There are many important problems that require good solultions to improve productivity under some predefined conditions, and these problems are generally called optimization. It becomes a fundamental element of modern science and it has been widely applied to every scientific field. Thus, starting from calculus in old days to linear programming in modern days, optimization has been highly impact to most science. However, when a very large-scale problem is considered, these traditional methods may not be the most efficient choices for optimization purposes. Inspired by the advances in biological technologies, one attempts to solve some complicated optimization problems from a biological point of view, and it leads to the development of natural heuristics. It mimics some natural mechanisms by simulating the composition, evolution, thinking, foraging and many other behaviors of human, nature or animals, and constructs simulation models for searching the optimized solutions. When a multiple of subjects work together, the outcome from their cumulative abilities is more than a summation of every subject's ability. The simulation model of optimization from these collective behaviors is generally called group intelligence. Common group inteligence methods in the literature include the Genetic Algorithm, Memetic Algorithm, Particle Swarm Optimization, Any Colony Algorithm, and many others. Since these methods have been commonly implemented to solve engineering problems, they are designed for searching in continuous domains. There exists some variants of them to search in discrete domains, but they may still not fit the requirements in many mathematical and statistical problems.

Main Results:

Phoa (2017) proposed a new nature-inspired metaheuristic optimization algorithm called the Swarm Intelligence Based (SIB) algorithm. It consists of the following key steps:
1. Initialization: Parameter Inputs and Particle Initialization.
2. Iteration: For each iteration,
2a. MIX Operation: each current particle is MIX with LB and GB particles.
2b. MOVE Operation: three particles are compared based on the objective function.
2c. Update particle if MIX produces better particle, or Random Jump if not.
2d. Update LB and GB particles.
3. Output: the GB particle with its optimzed objective function value.

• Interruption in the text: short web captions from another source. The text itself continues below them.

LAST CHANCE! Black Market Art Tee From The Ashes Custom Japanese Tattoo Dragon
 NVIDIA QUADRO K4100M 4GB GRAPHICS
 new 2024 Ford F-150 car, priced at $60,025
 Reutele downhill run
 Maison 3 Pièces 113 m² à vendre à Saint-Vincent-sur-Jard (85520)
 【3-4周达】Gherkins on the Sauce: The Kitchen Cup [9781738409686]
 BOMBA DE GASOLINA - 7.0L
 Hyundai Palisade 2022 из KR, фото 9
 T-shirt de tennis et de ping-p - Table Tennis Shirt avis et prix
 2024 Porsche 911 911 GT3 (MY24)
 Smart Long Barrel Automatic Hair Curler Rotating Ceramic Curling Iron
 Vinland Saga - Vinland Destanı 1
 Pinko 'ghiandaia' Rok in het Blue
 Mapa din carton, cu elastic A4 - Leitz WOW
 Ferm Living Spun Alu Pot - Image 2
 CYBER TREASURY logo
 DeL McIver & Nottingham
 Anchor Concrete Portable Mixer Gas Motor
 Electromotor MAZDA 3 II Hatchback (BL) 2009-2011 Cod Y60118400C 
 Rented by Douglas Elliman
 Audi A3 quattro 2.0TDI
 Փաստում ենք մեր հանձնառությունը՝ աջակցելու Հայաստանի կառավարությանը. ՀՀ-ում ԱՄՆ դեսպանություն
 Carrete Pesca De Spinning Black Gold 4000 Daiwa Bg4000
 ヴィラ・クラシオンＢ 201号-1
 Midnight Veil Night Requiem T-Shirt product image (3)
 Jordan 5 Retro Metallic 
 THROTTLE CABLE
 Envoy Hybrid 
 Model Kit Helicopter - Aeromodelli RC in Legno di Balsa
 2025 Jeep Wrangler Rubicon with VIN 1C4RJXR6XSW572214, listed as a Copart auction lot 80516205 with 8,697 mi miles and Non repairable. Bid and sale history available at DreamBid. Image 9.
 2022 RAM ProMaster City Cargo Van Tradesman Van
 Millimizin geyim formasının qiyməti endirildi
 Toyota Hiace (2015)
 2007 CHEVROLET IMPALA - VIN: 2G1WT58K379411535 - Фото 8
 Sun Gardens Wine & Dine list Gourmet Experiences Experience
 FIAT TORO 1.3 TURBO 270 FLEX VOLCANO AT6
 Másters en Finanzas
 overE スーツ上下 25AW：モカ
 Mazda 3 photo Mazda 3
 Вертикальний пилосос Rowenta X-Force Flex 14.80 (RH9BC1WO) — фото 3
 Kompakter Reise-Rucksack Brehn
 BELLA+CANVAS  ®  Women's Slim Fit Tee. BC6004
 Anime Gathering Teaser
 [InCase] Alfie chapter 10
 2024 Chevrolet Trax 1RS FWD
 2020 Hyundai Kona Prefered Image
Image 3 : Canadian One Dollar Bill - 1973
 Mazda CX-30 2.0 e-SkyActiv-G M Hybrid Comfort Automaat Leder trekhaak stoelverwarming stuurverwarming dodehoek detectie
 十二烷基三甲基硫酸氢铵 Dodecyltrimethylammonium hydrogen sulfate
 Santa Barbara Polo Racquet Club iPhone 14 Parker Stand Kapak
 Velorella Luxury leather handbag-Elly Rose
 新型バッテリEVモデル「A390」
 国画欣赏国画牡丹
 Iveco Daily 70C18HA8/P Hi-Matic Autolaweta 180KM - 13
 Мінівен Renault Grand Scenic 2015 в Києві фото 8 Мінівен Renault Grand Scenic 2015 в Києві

The above algorithm is commonly called SIB 1.0. It has been widely used in many applications. Phoa et al. (2016) applied it to the optimization of supersaturated designs under E(s2) criterion, Phoa and Chang (2016) optimized the designs of computer experiments under two criteria, Wang and Phoa (2017) appied it to detect communities under ERGM, Lin and Phoa (2017) applied it to efficiently construct confidence regions for target localization, Lin and Phoa (2019) applied it to optimize the scheduling on parallel processing supercomputers, and many others. In addition, Hsu and Phoa (2018) improved the efficiency of SIB 1.0 by choosing initial particles smartly, and applied it to the efficient search of optimal minimum energy designs.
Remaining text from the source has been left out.